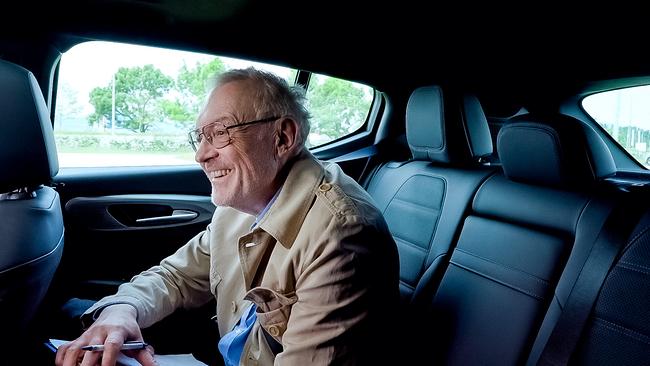 © ORF/KGP Filmproduktion Josef Hader sitzt als Fahrprüfer auf der Rückbank im Fahrschulauto.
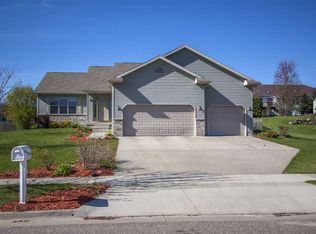 1107 15th St, Baraboo, WI 53913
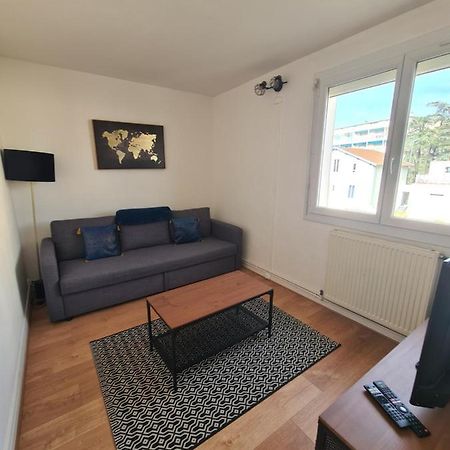 T2 Renove Avec Parking Gratuit Sur Place Apartment Valence  Bagian luar foto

DIRECTIONS:
Repeat the data word for word, minus any pictures.

ANSWER:
 © ORF/KGP Filmproduktion Josef Hader sitzt als Fahrprüfer auf der Rückbank im Fahrschulauto.
 1107 15th St, Baraboo, WI 53913
 T2 Renove Avec Parking Gratuit Sur Place Apartment Valence  Bagian luar foto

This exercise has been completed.